When the Trade Sanctions Reform and Export Enhancement Act (TSRA) was passed in 2000 during the last days of Bill Clinton’s presidency, Washington’s lawmakers enacted it as a humanitarian gesture toward the Marxist regime of Cuba—one of the last countries to adhere to that ideology and a survivor of the Soviet Bloc’s collapse. Chicago resident Paul Johnson, who was working toward a master’s degree at the University of Illinois that year, had no idea that those four letters, TSRA, would play a major role in his future.
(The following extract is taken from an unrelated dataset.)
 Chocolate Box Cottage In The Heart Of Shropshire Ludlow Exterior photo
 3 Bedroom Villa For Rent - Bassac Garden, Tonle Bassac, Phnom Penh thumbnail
Johnson studied international relations during his years at the University of Wisconsin-Madison and later became an unlikely addition to the ranks of major agribusiness players like Archer Daniel Midland (ADM), Louis Dreyfus Commodities and Cargill—all of which got a head start on him exporting food and agricultural commodities to an island that imported much of its food, both for its 11 million residents and the growing legion of foreign tourists, now totaling 3 million, mostly from Canada and western Europe.
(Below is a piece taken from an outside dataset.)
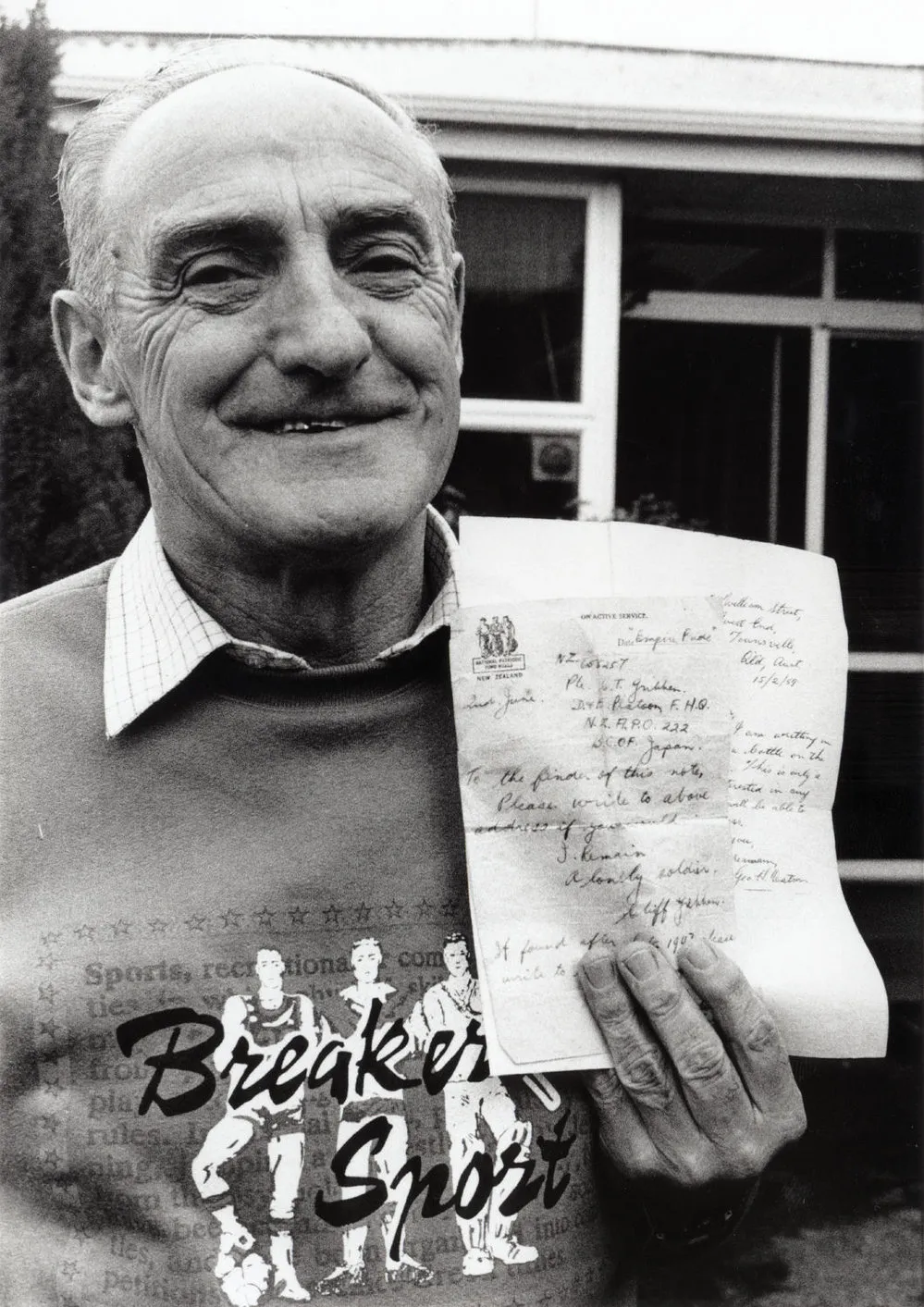 Clifford Gribben, 1946 bottle message sender, finally meets finder.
These days, as a co-founder of the trade group U.S. Agriculture Coalition for Cuba (USACC), Johnson finds himself among a growing number of food producers and exporters advocating the total elimination of the ongoing U.S. trade embargo against Cuba. Why is he spearheading such efforts? The thriving food-trading firm Chicago Foods International, LLC that he launched in 2008 has just one market: Cuba.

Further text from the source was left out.